Have fun and please ask questions if something is unclear or you need help! We'll be happy to guide you!
- Login to the Azure Portal
- Go to Subscriptions and verify that
AI Studentlab
is available. If not, untick the box Show only subscriptions selected in the global subscriptions filter or ask for help. - Click the
AI Studentlab
subscription and go to Resources and click theml_aisl
resource. - Then click Launch Now to go to Azure Machine Learning studio. Alternatively you can open Azure Machine Learning studio, where you need to sign in with the following selected:
- Directory: Skatteetaten
- Subscription: AI Studentlab
- Machine Learning workspace: ml-aisl
- The next step is to create a Compute instance
Feel free to explore Azure ML Studio.
ℹ️ If you are prompted to sign in again in this workshop it just means that your token has expired and you just need to use your Microsoft account associated with your Azure subscription to sign back in.
ℹ️ Compute instances is a managed cloud-based workstation used by data scientists.
- In Azure ML studio, navigate to Compute and chose Compute instances. Then create a new compute instance.
- Fill in the following:
- Compute name: <your_name>workshop
- Region: westeurope
- Virtual machine type: CPU (Central Processing Unit)
- Virtual machine size: Standard_D1
⚠️ You need to provide the correct information otherwise you may encounter problems later in this workshop.
- Make sure your information is correct before you click create.
- For the next steps see section Testing and verifying compute instance.
ℹ️ In this workshop we are using python notebooks to run our code. To make notebooks available on our compute instance we need to clone this repository into it. We will also run some small test to check that everything works as expected.

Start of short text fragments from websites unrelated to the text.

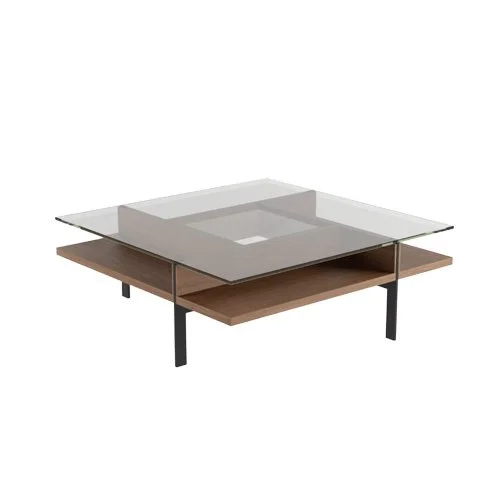 Terrace 1150 Square Coffee Table by BDi with glass top and layered wood-and-steel base.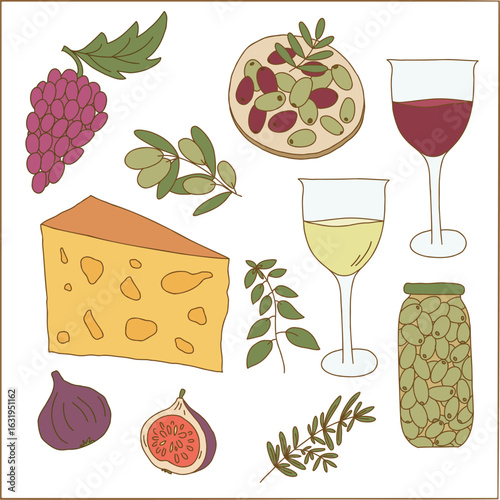 Hand Drawn Mediterranean Wine Cheese Olives and Snacks Illustration Set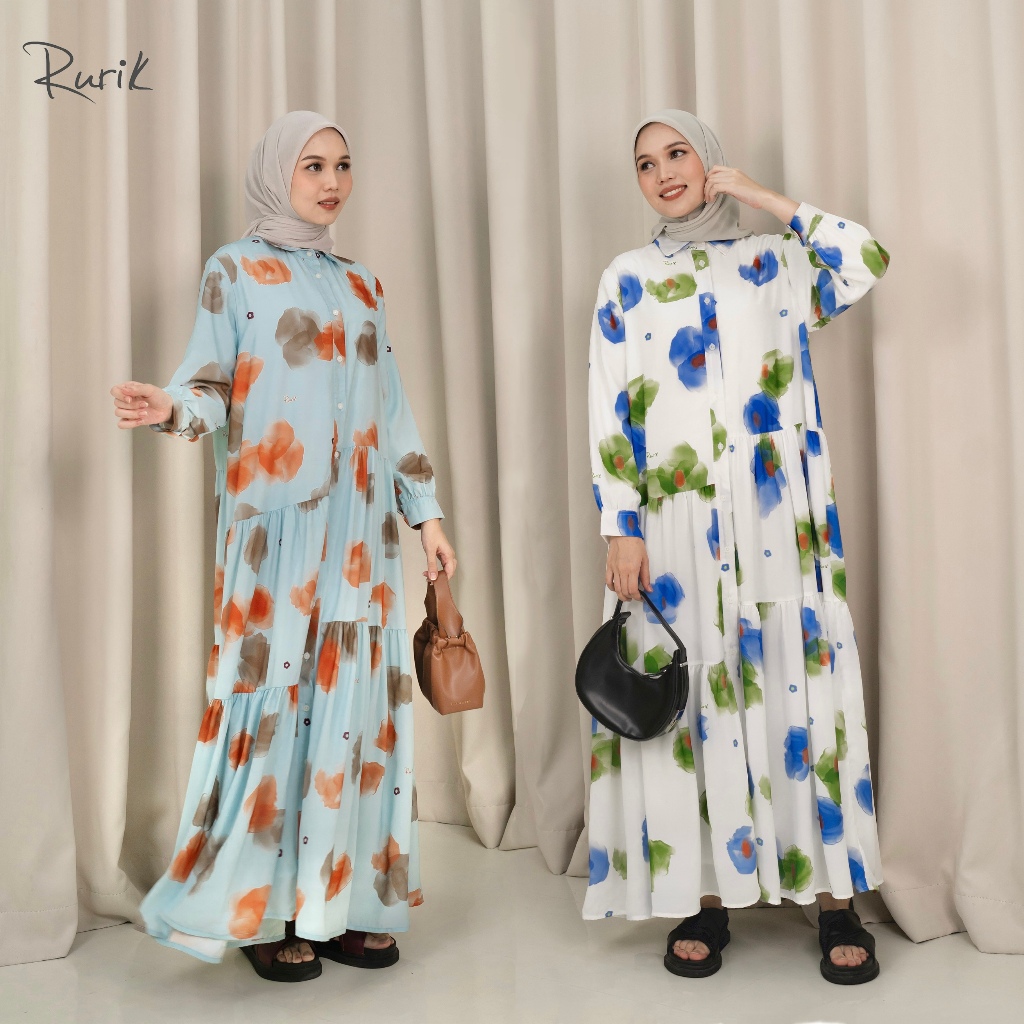 Rurik Dress Panjang Wanita Printing Lutia Dress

- In Azure ML studio, on the Compute page for your workspace, view the Compute instances tab, and if necessary, click Refresh periodically until the compute instance you created in the previous step has started. This may take a couple of minutes so that might be a good time for a ☕ break.
- Click your compute instance's Jupyter link to open Jupyter Notebooks in a new tab. You might see a warning pop-up where you need to click Yes to continue.
- In the notebook environment, upper right corner, create a new Terminal. This will open a new tab with a command shell.
- The Azure ML SDK is already installed in the compute instance image, but it's worth ensuring you have the latest version, with the optional packages you'll need in this workshop. Enter the following command to update the SDK packages:
pip install --upgrade azureml-sdk[notebooks,automl,explain]
You may see some warnings and errors as the package dependencies are installed, but you can ignore these.
- Next, run the following commands to change the current directory to the Users directory, and retrieve the notebooks you will use in the workshop:
cd Users/<your name> # i.e cd Users/Jon.Doe/
git clone https://github.com/claesgill/azure_ml_workshop
- After the command has completed, close the terminal tab and view the home page in your Jupyter notebook file explorer. Then open the
Users/<your name>
folder and go to theazure_ml_workshop
folder. Here you should have everything you need to continue this workshop. - To check that everything works as expected, go to the
notebooks
folder and open the1_testing_workspace.ipynb
notebook. Then read all the notes in the notebook, and run each code cell in turn. - When you have finished running the code in the notebook, on the File menu, click Close and Halt to close it and shut down its Python kernel.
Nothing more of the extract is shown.